2nd Annual Surfing World Camp


Surfing World Camp Vibes

Last weekend we escaped with a tribe of passionate surfing and camping enthusiasts to the 2nd Annual Surfing World Camp. Poler’s Co-founder Benji Wagner and president Chris Noyes joined us on our road trip north to share in an epic few days of outdoor adventuring.

The Surfing World Camp is unlike any other surf trip in history. Based in the unspoilt surrounds and pumping waves around Seal Rocks on the mid-North Coast of New South Wales, The Surfing World Camp features live music, hangs with your favourite surfboard shapers and sessions experimenting with their boards, yoga and meditation workshops, surf coaching, live art and the good time vibes of likeminded people sharing surfed out stoke around a campfire.

The guys from Bear Rentals jumped at the chance to be involved so we loaded up their Poler #adventuremobile and hit the road. When we arrived at Treachery Camp we set up our rooftop ‘Le Tente’ and enjoyed the camp vibes from a slightly elevated viewpoint.

Rohan Anderson (@outlaw_omnivore) came along for the ride and inside the tipi's open fire, using the freshest seasonal produce and a Poler cast iron cookpot, he demonstrated how to cook up a seasonal ‘veg ragu’ (see below for recipe)

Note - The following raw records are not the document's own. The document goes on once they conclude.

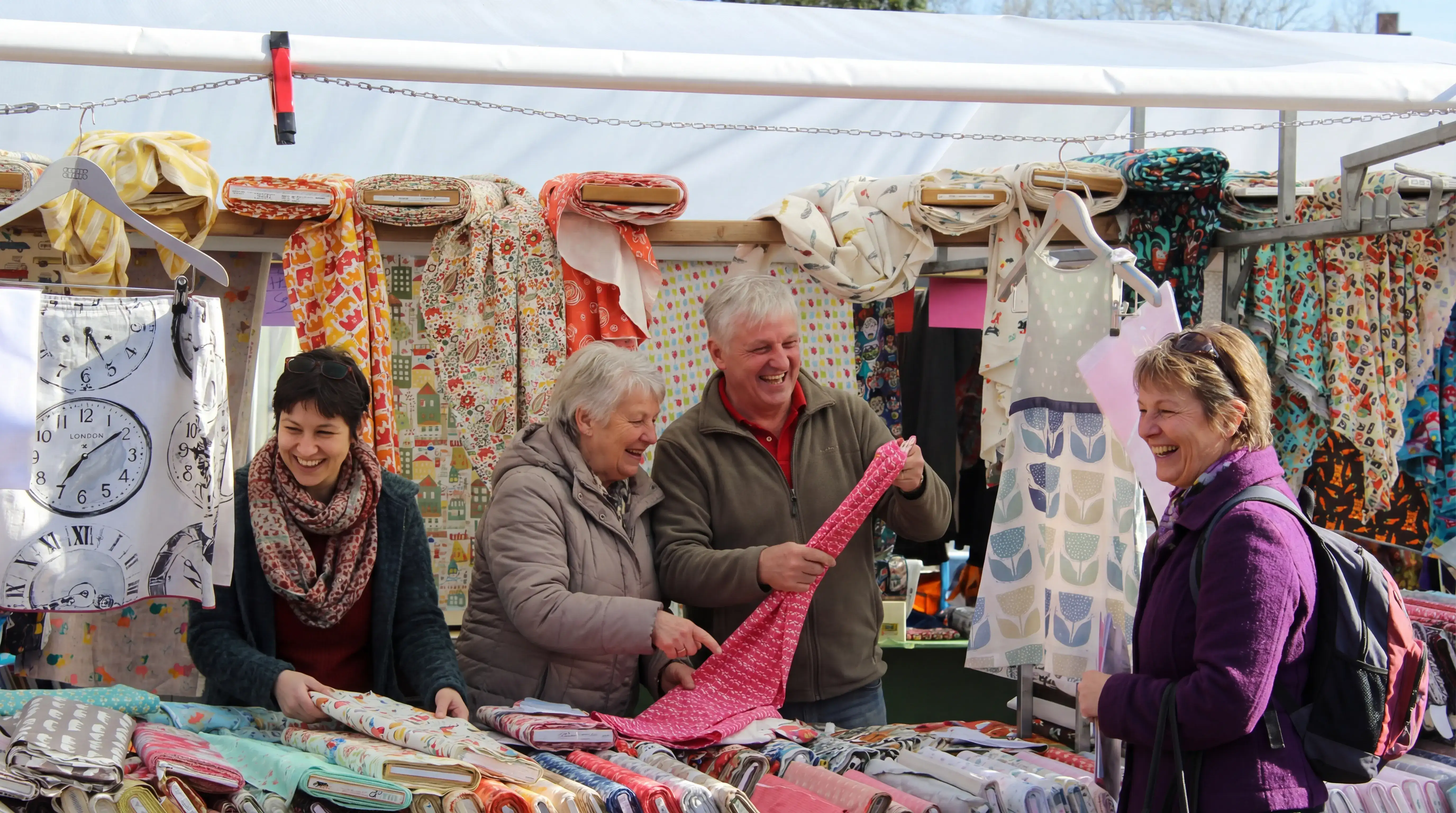 Colorful fabric selection and impressions from Stoffmarkt Holland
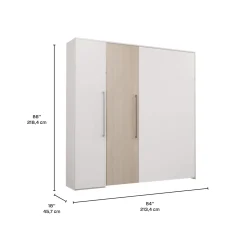 Lit escamotable queen et unité de rangement - blanc et gris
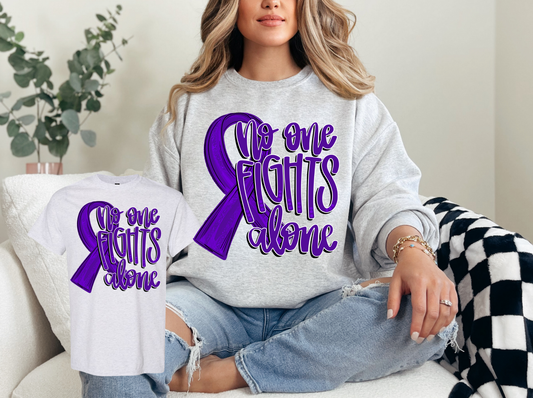 No One Fights Alone – Epilepsy Awareness Tee &amp; Crewneck 💜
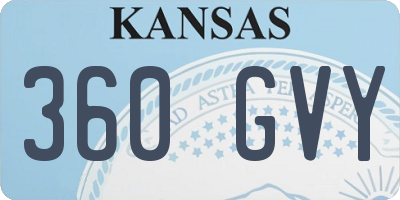 KS license plate 360GVY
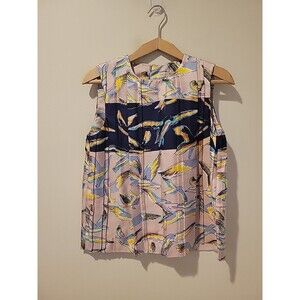 Emilio Pucci Silk Pleated Sleeveless Top Blouse Size 38/US 6 Designer Bird Print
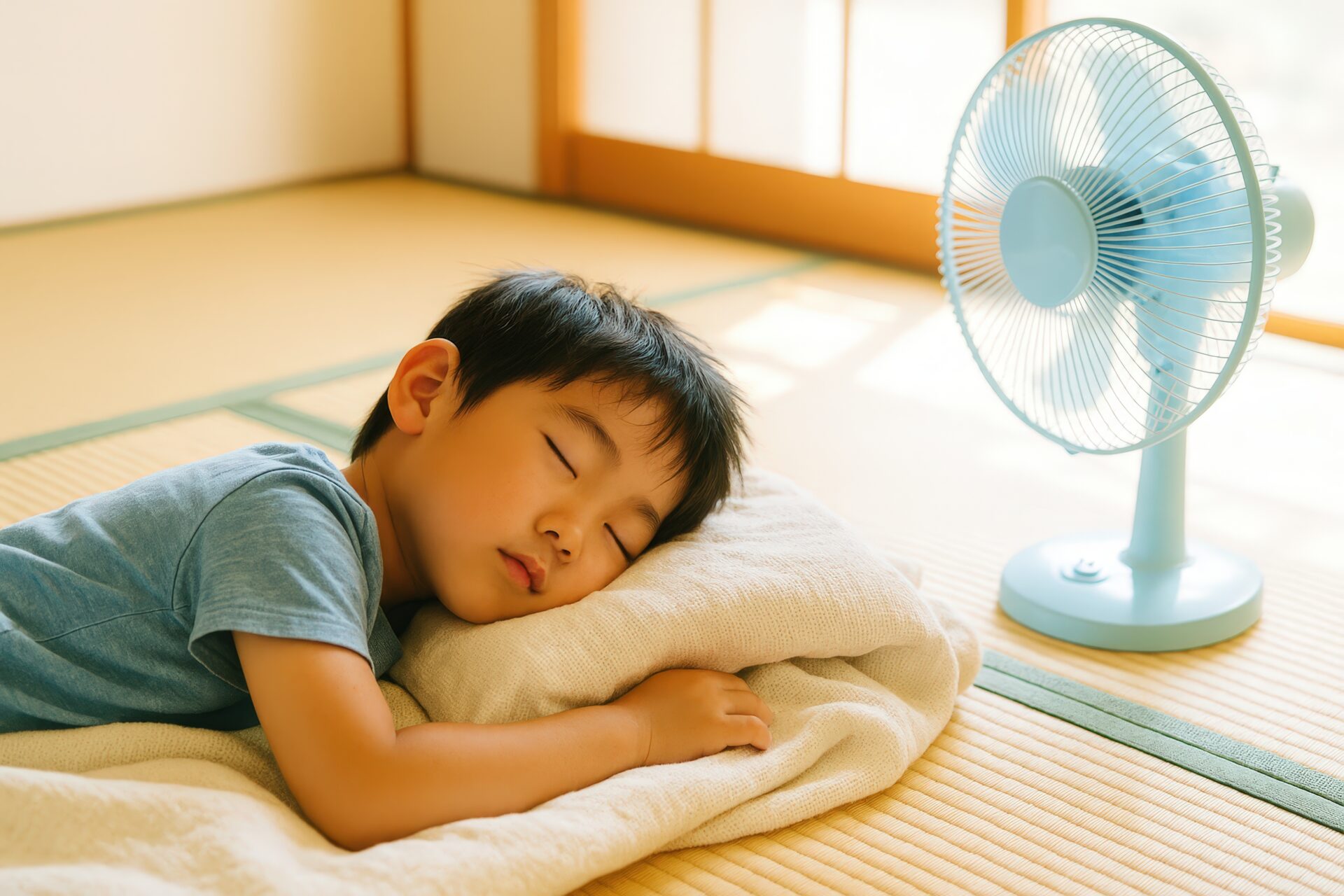 扇風機のそばで眠る子供の昼寝風景（和室）
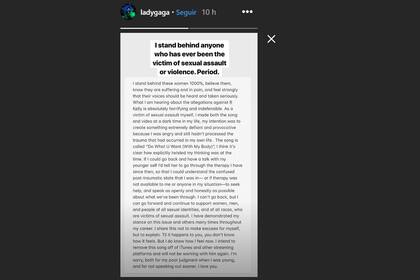 El mensaje de Gaga para quienes acusan de abuso a R.Kelly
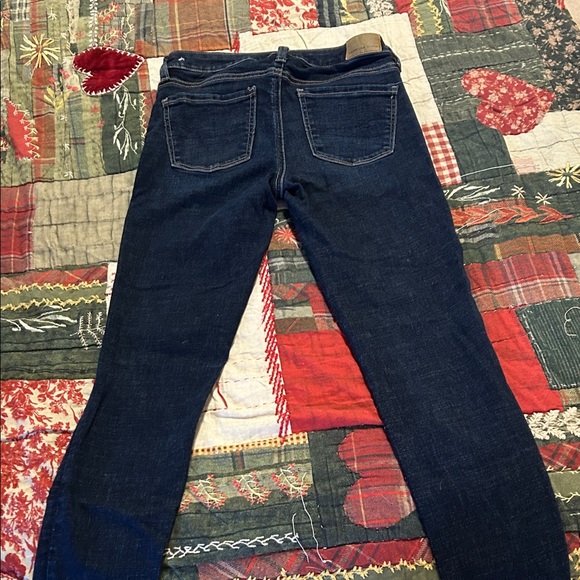 American Eagle Outfitters Women's Deep Indigo Skinny Jeans size 0 - Picture 4 of 6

The crowd got to know Benji and Poler a little better when Benji took the stage on the to take part in a Q&A with Surfing World Editor Vaughan Blakey.

All in all, we spent 3 days surfing idyllic conditions in the ultimate spot with a crew of awesome campers and can’t wait to do it all again next year.




Easy veg camp pot (with sneaky chorizo)


2 zucchini (chopped)

2 onion (chopped)

2 egg plant (chopped)

4 cloves garlic (chopped)

1-2 sticks chorizo (chopped and optional)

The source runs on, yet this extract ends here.